Value Counts for Wind_Direction:


NameError: name 'data' is not defined

### Integrate Altitude data

In [None]:
# Function to get elevations for a list of latitudes and longitudes
def get_elevations(latitudes, longitudes):
    # Validate latitudes and longitudes
    valid_latitudes = [str(lat) for lat in latitudes if -90 <= lat <= 90]
    valid_longitudes = [str(lon) for lon in longitudes if -180 <= lon <= 180]
    
    # Ensure we have the same number of valid latitudes and longitudes
    if len(valid_latitudes) != len(valid_longitudes) or not valid_latitudes:
        return [None] * len(latitudes)  # Return None for invalid pairs
    
    url = f"https://api.open-meteo.com/v1/elevation?latitude={','.join(valid_latitudes)}&longitude={','.join(valid_longitudes)}"
    try:
        response = requests.get(url)
        response.raise_for_status()  # an exception for HTTP error codes
        return response.json().get('elevation', [None] * len(latitudes))
    except requests.RequestException as e:
        print(f"Request failed: {e}")
        return [None] * len(latitudes)  # Return None for failed requests

# Splitting the DataFrame into chunks of 100 rows to comply with the API's limitation
chunk_size = 100
altitude_list = []

# Wrap the range function with tqdm to see the progress
for start in tqdm(range(0, utah_data.shape[0], chunk_size), desc='Fetching Altitudes'):
    end = start + chunk_size
    batch = utah_data.iloc[start:end]
    latitudes = batch['Start_Lat'].tolist()
    longitudes = batch['Start_Lng'].tolist()
    
    elevations = get_elevations(latitudes, longitudes)
    altitude_list.extend(elevations)

# Add the altitude information to the DataFrame
utah_data['Altitude'] = altitude_list

In [None]:
# Run again for failed API requests. 
# TODO:: Merge both snippets

def get_elevations(latitudes, longitudes):
    # Construct the API URL with the given latitudes and longitudes
    url = f"https://api.open-meteo.com/v1/elevation?latitude={','.join(map(str, latitudes))}&longitude={','.join(map(str, longitudes))}"
    try:
        response = requests.get(url)
        response.raise_for_status()  # Raises an error for bad responses
        return response.json().get('elevation', [None] * len(latitudes))
    except requests.RequestException as e:
        print(f"API request failed: {e}")
        return [None] * len(latitudes)  # Return None for failed requests

# Filter the DataFrame to rows where Altitude is missing (NaN)
missing_altitude_df = utah_data[pd.isna(utah_data['Altitude'])]
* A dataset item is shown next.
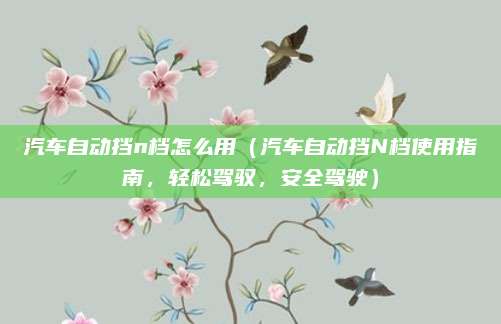 汽车自动挡n档怎么用（汽车自动挡N档使用指南，轻松驾驭，安全驾驶）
# Initialize an empty list to store the fetched altitudes
fetched_altitudes = []

for start in tqdm(range(0, missing_altitude_df.shape[0], chunk_size), desc='Filling Missing Altitudes'):
    end = start + chunk_size
    batch = missing_altitude_df.iloc[start:end]
    latitudes = batch['Start_Lat'].tolist()
    longitudes = batch['Start_Lng'].tolist()
    
    elevations = get_elevations(latitudes, longitudes)
    fetched_altitudes.extend(elevations)

# Update the original DataFrame with the newly fetched altitudes
for (index, altitude), (_, row) in zip(enumerate(fetched_altitudes), missing_altitude_df.iterrows()):
    if altitude is not None:  # Only update if the API call was successful
        utah_data.at[row.name, 'Altitude'] = altitude


In [None]:
# Save the draft dataset to a CSV file
utah_data.to_csv('utah_traffic_accidents.csv', index=False)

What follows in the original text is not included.